Dominique Turcq, Institut Boostzone – La collision des mondes : écologie vs économie ? – Stratégies & Management

Le saviez-vous ? Nous nageons en pleine science-fiction, notre monde comporte plusieurs réalités parallèles ! Mais savez-vous dans laquelle vous vivez ?

La première double réalité est apparue, en ces termes, l’été dernier quand messieurs Jouzel et Pouyanné confrontaient leurs réalités, celle de l’effondrement environnemental pour l’un, celle du court terme et de la nécessité de continuer à investir dans des énergies fossiles pour l’autre.

Il s’agit bien d’un conflit entre deux mondes réels : celui du référentiel scientifique pour lequel notre monde écologique devient invivable et celui du référentiel économique résilient de l’Ancien Monde. L’un voit le mur vers lequel on va en tant qu’humanité et l’autre en travaille le déni. J’avoue d’ailleurs que j’ai du mal à analyser ce déni. Est-ce de l’ignorance, de la bêtise, un aveuglement éthique dû à des regards différents, un aveuglement générationnel ? Si d’aucuns pensent « après moi le déluge » et d’autres « il faut préserver les générations futures » c’est alors d’un profond conflit qu’il s’agit.
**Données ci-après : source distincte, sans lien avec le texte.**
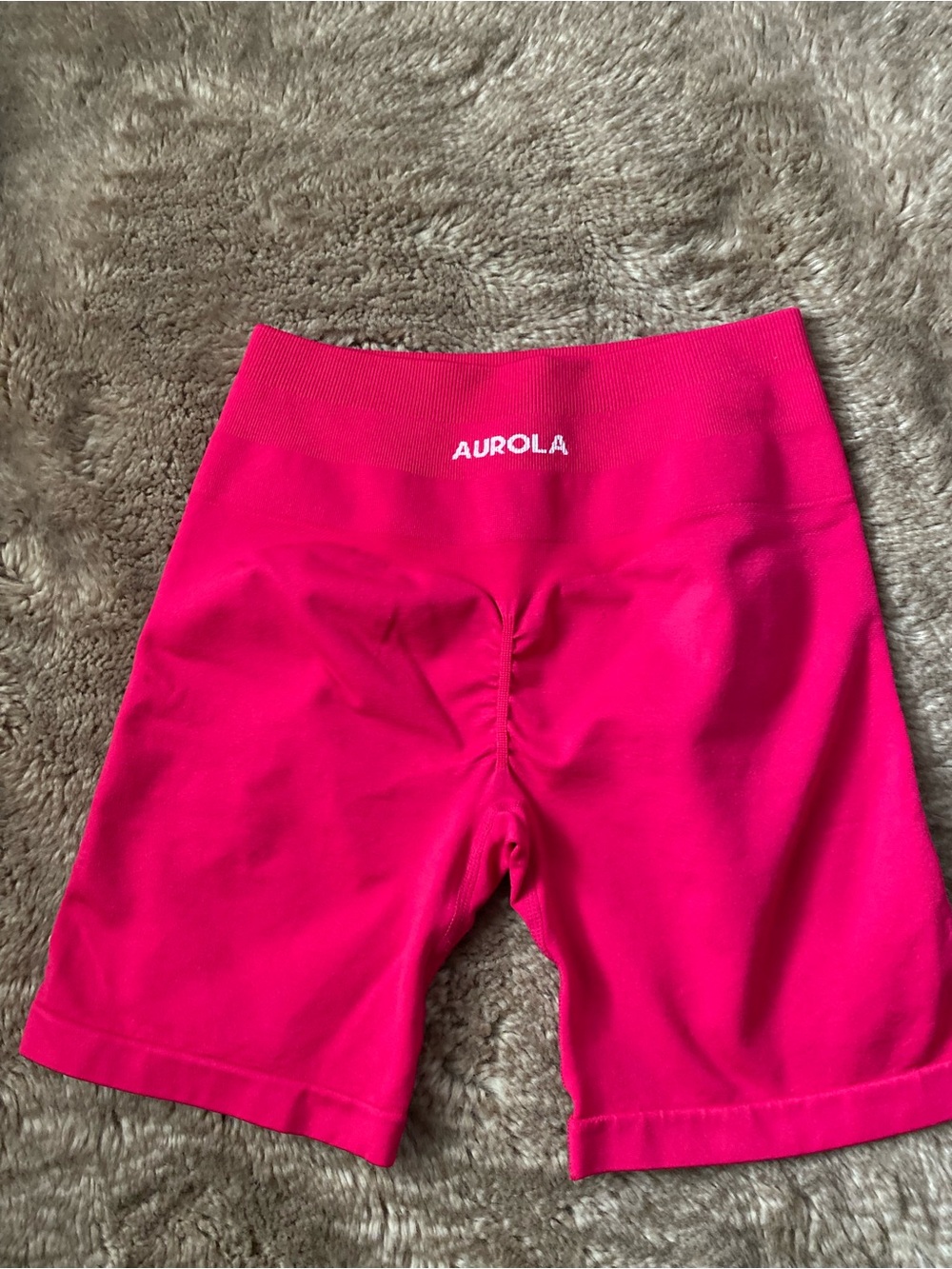 AUROLA Women's High-Waist Athletic Shorts - Neon Green & Hot Pink - Picture 8 of 8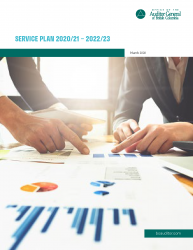 Cover of Service Plan 2020/21 – 2022/23 report with image of documents being reviewed.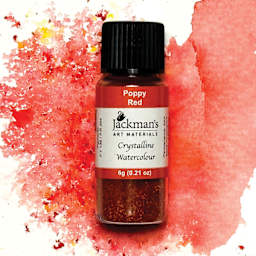Jackman's Crystalline Powder Watercolor - Poppy Red, 6 g bottle and swatch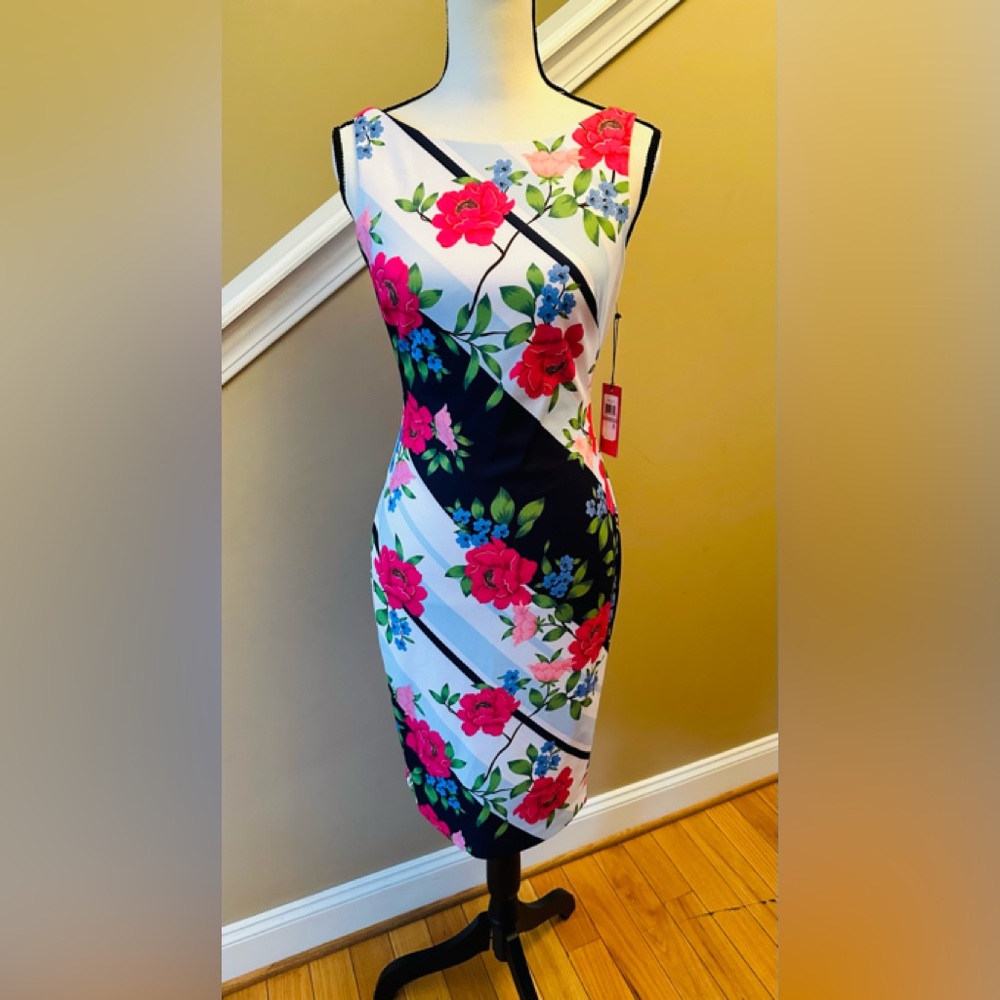 Vince Camuto Dress Women Sz#0 Sheath Cocktail Multi Color Floral New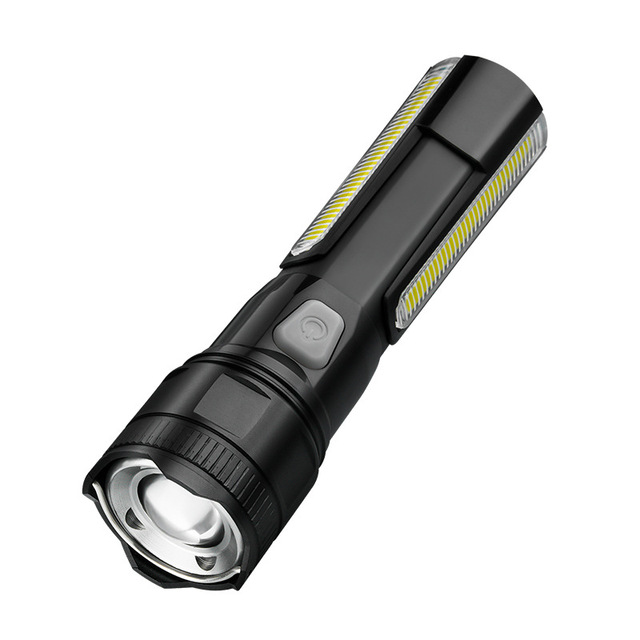 New Zoomable High-Brightness Long-Range White LED Flashlight for Camping & Outdoor Use Portable Multi-Functional Strong Light
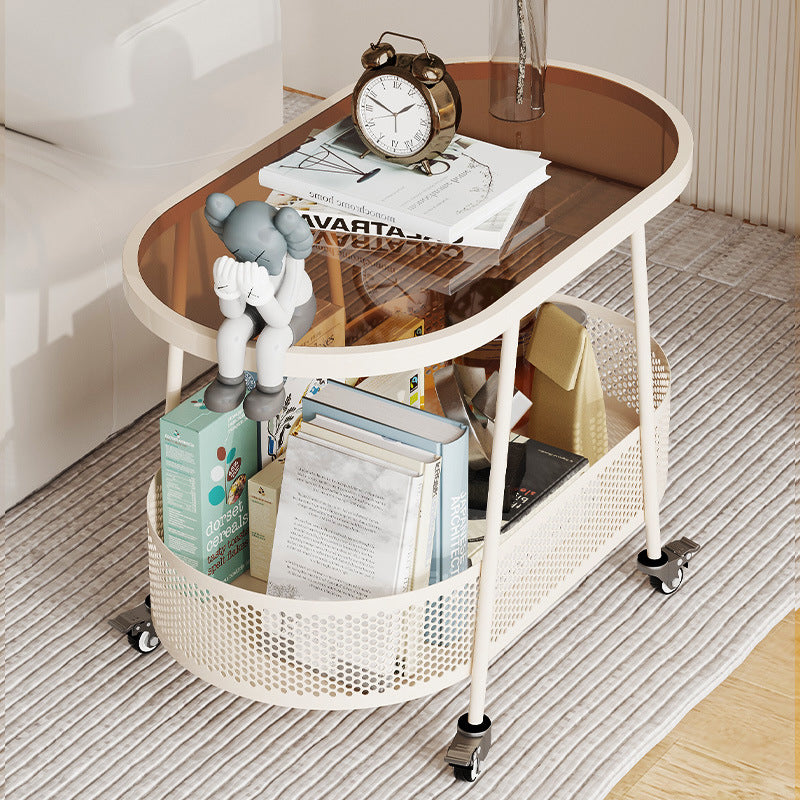 Mesa Auxiliar Rectangular de Hierro y Vidrio Minimalista Moderna de 2 Niveles para Sala de Estar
Cette dualité va se traduire par des enjeux écologiques, économiques et sociaux considérables, des questions de santé publique cruciales et probablement des guerres. Il faudra réconcilier les mondes et il viendra un moment où l’État devra agir beaucoup plus. La santé publique et la protection des citoyens seront les moteurs de l’irrésistible ascension de son rôle à venir. Il interviendra de façon croissante dans les domaines de l’énergie, des pollutions, de la biodiversité, de l’eau, du commerce, des transports, des migrations, etc., sous la pression des populations, relayées par des ONG, et malgré les relents de climato scepticisme qui continueront de traîner ici et là.
 
Les implications pour la stratégie des entreprises sont claires. Elles ne doivent pas s’illusionner sur l’idée que la « transition », terme par ailleurs bien trop doux, sera lente et pourrait être peu douloureuse. Les externalités seront facturées, que cela passe par le marché (augmentation des prix de par la raréfaction de certains biens), ou par la taxation (carbone, énergie, eau, externalités négatives, etc.). Il leur faut être proactives. Il leur faut calculer leurs externalités de façon beaucoup plus précise et se préparer à un partage de la valeur conceptuellement extrêmement différent de ce qu’il fut depuis deux siècles.
 
Mais deux autres séries de réalités apparaissent alors aussi pour complexifier encore le propos.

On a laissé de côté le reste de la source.